As mentioned above, it can be that your release doesn’t even make it so far that consumers can decide whether to listen to it or not. Specifically, when the shops (or we as a stopover to them) reject the artwork.

As said before, many cover images fail because of the quality. But there are also some other points you have to consider:

  • The information on the cover must match the information you provide to us in the system. If you enter “Cats On The Street” as album title, the cover should not say “Cats”.
  • If you release a single, you may not simply use the album cover again. Each release needs a separate cover image.
  • All the information about the artists and features must match. If there is a feature on the cover, this must also be specified in the metadata.
  • If you cover the Beatles (basically covers are a tricky topic – but let’s talk about that later) you can’t simply put the faces of Paul, John, Ringo and whatever the fourth one was called on the cover of your work.
  • Anything you don’t own the rights to has no place on the album or single cover. This is especially true for logos of brands. You’re the proud owner of a Gucci purse or Yeezy sneakers – we’re happy for you, but it doesn’t belong on the cover. The borrowed Bentley doesn’t belong on the cover either nor does your beloved Hennessy bottle and just because you claim to have founded the Wu-Tang-Chapter of Plymouth doesn’t give you the right to plant the Wu logo on your artwork. If you are unsure, ask us first if it is possible (in most cases the answer is: No).
  • It is important that you also mark the explicit songs as such in the metadata, but the “Parental Advisory” note on the cover image is not mandatory. It can of course only be used if at least one song of the release is marked as “explicit”.
  • Contact information has nothing to do on the cover picture. You can store these in your artist profiles.
  • Advertising messages belong on banners but not on covers. So don’t post messages like “buy my album now” or messages like “available now”.
  • Also the product format must not be mentioned, e.g. CD, vinyl or digital.
  • Exept your own and your label’s, logos don’t belong on the cover. Especially not those of shops like Spotify, iTunes, Amazon etc.. It must also not be mentioned in the text (e.g. Now available at Spotify).
  • Barcodes: These belong on the back of a physical product and not on the cover of a digital release.
  • It’s also not allowed to put the price of the release on the cover picture (now only 1 Euro). Also forbidden are references like “Free”.
  • Pornographic images and other obscenities will also be rejected.
  • Right-wing extremist artworks will not only be rejected, the artist will also be banned for life at iGroove.

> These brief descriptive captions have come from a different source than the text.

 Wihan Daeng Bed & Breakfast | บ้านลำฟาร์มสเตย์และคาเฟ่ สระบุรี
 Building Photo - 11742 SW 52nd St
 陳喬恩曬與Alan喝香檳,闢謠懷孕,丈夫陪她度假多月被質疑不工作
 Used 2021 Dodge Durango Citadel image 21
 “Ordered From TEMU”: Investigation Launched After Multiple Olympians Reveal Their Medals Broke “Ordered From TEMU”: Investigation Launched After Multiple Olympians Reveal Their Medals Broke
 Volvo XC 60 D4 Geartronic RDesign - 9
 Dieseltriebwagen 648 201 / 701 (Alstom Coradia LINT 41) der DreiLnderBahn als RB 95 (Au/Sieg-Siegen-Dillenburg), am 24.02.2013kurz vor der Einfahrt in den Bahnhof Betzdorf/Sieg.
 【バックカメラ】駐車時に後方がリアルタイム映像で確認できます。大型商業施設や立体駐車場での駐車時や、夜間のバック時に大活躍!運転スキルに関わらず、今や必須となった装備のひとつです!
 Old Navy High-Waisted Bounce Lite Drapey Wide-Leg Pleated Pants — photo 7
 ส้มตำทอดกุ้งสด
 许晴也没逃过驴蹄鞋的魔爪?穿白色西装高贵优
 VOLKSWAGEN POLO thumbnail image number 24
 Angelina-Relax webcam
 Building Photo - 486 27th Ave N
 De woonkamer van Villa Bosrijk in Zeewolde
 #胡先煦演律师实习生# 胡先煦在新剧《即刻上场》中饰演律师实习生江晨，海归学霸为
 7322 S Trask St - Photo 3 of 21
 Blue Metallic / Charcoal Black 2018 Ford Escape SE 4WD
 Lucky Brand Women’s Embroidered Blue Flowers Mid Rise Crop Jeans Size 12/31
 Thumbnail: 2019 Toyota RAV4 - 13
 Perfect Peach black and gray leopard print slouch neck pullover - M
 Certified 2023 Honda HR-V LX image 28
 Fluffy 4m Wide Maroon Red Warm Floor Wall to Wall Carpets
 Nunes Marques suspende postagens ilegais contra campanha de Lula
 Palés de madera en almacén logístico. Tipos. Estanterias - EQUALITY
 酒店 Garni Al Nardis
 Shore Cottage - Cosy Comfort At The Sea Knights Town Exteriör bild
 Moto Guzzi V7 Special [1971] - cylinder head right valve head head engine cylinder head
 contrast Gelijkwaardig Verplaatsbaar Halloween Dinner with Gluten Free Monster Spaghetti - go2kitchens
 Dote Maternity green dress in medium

After these many prohibitions now some things you may do, to loosen up the situation:

  • There are also various rules for album and song titles (e.g. not everything may be written in capital letters). “But Kendrick is allowed to do that too! – You are not Kendrick”). The good news is: On the cover you can write everything as you like.
  • As mentioned above, each release needs a separate cover. However, it is allowed to use the same image several times as long as the text change (e.g. for singles).
  • It is also possible to upload a cover without any text. This image must not be used a second time unless text is added.
  • Under certain conditions it’s allowed to put the name of the artist you cover (the cover topic is tricky but we already had that…) on the cover if: :
  • – It’s a tribute release and not just a one-off cover
  • – Your artist name is noted larger than the one you cover
  • – The note “Tribute to” is larger written than the name of the covered artist
  • If you want to release a karaoke release (our tip: don’t do it) you have to add following to the cover: “Originally performed by ….”.

Our last tip: Don’t just tinker something on any programs yourself but get a professional! Not only for creative reasons it is worth working with a graphic designer, but also to avoid unnecessary delays due to poor quality of the artwork.